Proof. We first prove the lemma in case $R \to S$ is of finite presentation and then we explain what needs to be changed in the general case. We are going to write $S_\lambda = S \otimes _ R R_\lambda$, $S' = S \otimes _ R R'$, $M_\lambda = M \otimes _ R R_\lambda$, and $M' = M \otimes _ R R'$. The base change $S'$ is of finite presentation over $R'$ and $M'$ is of finite presentation over $S'$ and similarly for the versions with subscript $\lambda$, see Algebra, Lemma 10.14.2. By Algebra, Theorem 10.129.4 the set

$U' = \{ \mathfrak q' \in \mathop{\mathrm{Spec}}(S') \mid M'_{\mathfrak q'}\text{ is flat over }R'\}$

is open in $\mathop{\mathrm{Spec}}(S')$. Note that $V(I'S' + JS')$ is a quasi-compact space which is contained in $U'$ by assumption. Hence there exist finitely many $g'_ j \in S'$, $j = 1, \ldots , m$ such that $D(g'_ j) \subset U'$ and such that $V(I'S' + JS') \subset \bigcup D(g'_ j)$. Note that in particular $(M')_{g'_ j}$ is a flat module over $R'$.

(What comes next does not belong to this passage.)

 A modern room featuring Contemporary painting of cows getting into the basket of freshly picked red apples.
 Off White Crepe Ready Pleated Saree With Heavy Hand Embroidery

We are going to pick increasingly large elements $\lambda \in \Lambda$. First we pick it large enough so that we can find $g_{j, \lambda } \in S_{\lambda }$ mapping to $g'_ j$. The inclusion $V(I'S' + JS') \subset \bigcup D(g'_ j)$ means that $I'S' + JS' + (g'_1, \ldots , g'_ m) = S'$ which can be expressed as

$1 = \sum y_ tk_ t + \sum z_ sh_ s + \sum f_ jg'_ j$

for some $z_ s \in I'$, $y_ t \in J$, $k_ t, h_ s, f_ j \in S'$. After increasing $\lambda$ we may assume such an equation holds in $S_\lambda$. Hence we may assume that $V(I_\lambda S_\lambda + J S_\lambda ) \subset \bigcup D(g_{j, \lambda })$. By Algebra, Lemma 10.168.1 we see that for some sufficiently large $\lambda$ the modules $(M_\lambda )_{g_{j, \lambda }}$ are flat over $R_\lambda$. In particular the module $M_\lambda$ is flat over $R_\lambda$ at all the primes corresponding to points of $V(I_\lambda S_\lambda + J S_\lambda )$.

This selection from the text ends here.